De todos modos, en el transcurso de una precampaña que se prevé tensa No será fácil para el Partido Socialista de los Trabajadores entregar la alcaldía de la capital provincial al Partido Popular, o viceversa. De la misma manera, también parece complicado que los votos del BNG acaben haciendo famoso al alcalde Manuel Cabezas. De hecho, la portavoz del Bloque Nacional, Anna Bunton, dejó claro ayer mismo que Leah Vermela de su partido en términos de estatutos No favorecer a los gobiernos del PP.


Tampoco ayuda el estado en que quedó la mujer. concejo, que nuevamente puede ser necesario para determinar lo que está sucediendo en el consejo. El Partido Popular volvió a estar a las puertas de la mayoría absoluta y se encontraba en el mismo escenario, en 2019 se cerró el acuerdo con la DO que hizo alcalde a Gonzalo Pérez Jocum y permitió que José Manuel Baltar continuara como presidente.

Después de más de tres décadas de gobiernos bálticos, PSOE y BNG darán la bienvenida a las secuelas, pero para ello es necesario llegar a un acuerdo con Jakum, el mismo al que pretenden destituir como alcalde. El secretario autonómico socialista, Rafael Rodríguez Villarino, optó por priorizar el cambio en la Diputación y sugirió iniciar ya las conversaciones con el líder de la DO. Sin embargo, el PSdeG desautoriza esta estrategia y Villarino ni siquiera será el interlocutor en un proceso de negociación virtual ya que se acaba de anunciar que irá a Madrid como cabeza de lista del partido en el Senado.


Otra forma a considerar es que si hay acuerdo en el Ayuntamiento a favor del bipartidismo PSOE y BNG, socialistas y nacionalistas pueden estar dispuestos a facilitar que el Partido Popular gobierne el consejo regional en una minoría que pueda reclamar Ras Baltar.

Ayer, Pontoon destacó la línea roja de los acuerdos: No favorecer a los gobiernos del PP

Anna Bon destacaba ayer la línea roja del BNG en sus convenios con el PSOE en los municipios de Galicia: No favorecer a los gobiernos del PP. Donde el pueblo no ha obtenido la mayoría absoluta, los nacionalistas y socialistas se unen para promover gobiernos alternativos.

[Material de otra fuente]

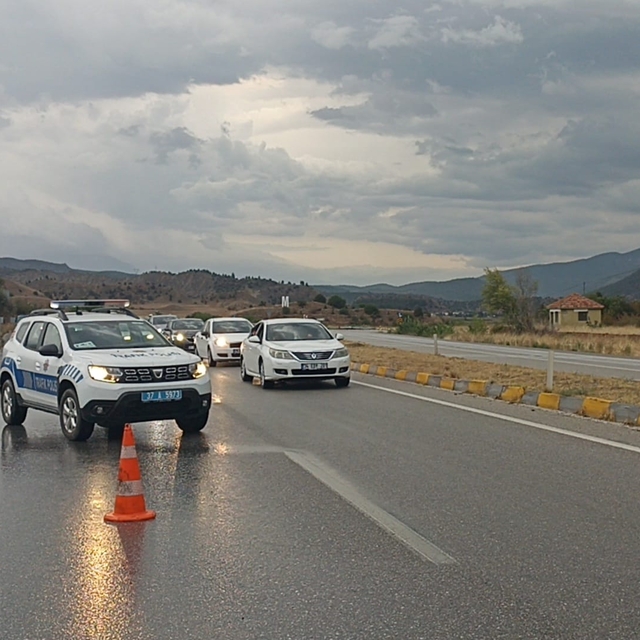 Kastamonu'da hafif ticari araç refüje çarptı; 1 ölü, 4 yaralı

La decisión de Bloque no es nueva, pero cobra especial trascendencia tras los resultados del 28m por la situación de Ourense, donde el PP actúa como alternativa a la destitución de Democracia Ourensana de la alcaldía.

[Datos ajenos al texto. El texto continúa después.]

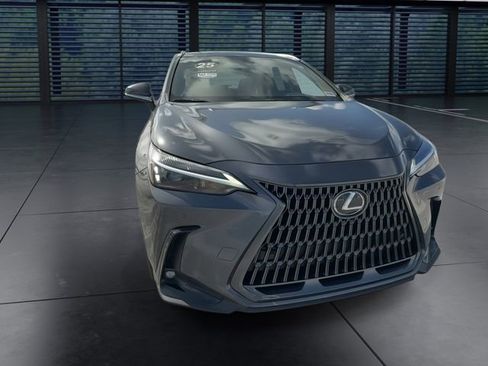 Used 2025 Lexus NX 250 FWD w/ Towing Package (2000 Lbs) image 3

Bunton agregó que, salvo el veto del pueblo, otros detalles de los acuerdos dependerán de los consejos locales y grupos municipales proporcionados por el partido. libertad para afrontar las negociaciones.


Serán esos organismos los que decidirán si ingresar BNG en los gobiernos de coalición o si seleccionar directores generales de grupos minoritarios, según lo consideren adecuado. Aunque no es una línea roja, sigue siendo válida la estrategia adoptada en 2019 que recomienda no entrar en coaliciones cuando no alcanzan la mayoría absoluta o cuando la presencia del BNG no juega un papel significativo.

Nada menos que 47 consejos

Los acuerdos entre el bloque y los socialistas facilitarán a estos partidos Gobierno de al menos 47 municipios. Entre ellas se encuentran las ciudades de Acoroa, Santiago, Pontevedra y Lugo. Aunque la formación de gobiernos de coalición sólo se daba por hecho en los dos últimos. En la superciudad, los socialistas suelen gobernar solos, aunque necesitarán el apoyo del BNG en la toma de posesión porque son la segunda fuerza. En Compostela, el PSdeG también prefiere evitar la coalición, aunque el Gobierno estaría por el bloque que le supera en votos.

Y es casi seguro que esta cifra de 47 municipios aumentará, porque en otras regiones todavía están pendientes acuerdos de terceros cuya aportación es necesaria para llegar a la mayoría absoluta.

En total, entre la mayoría absoluta obtenida y los posibles acuerdos, BNG y PSOE podrían gobernar 150 ayuntamientos.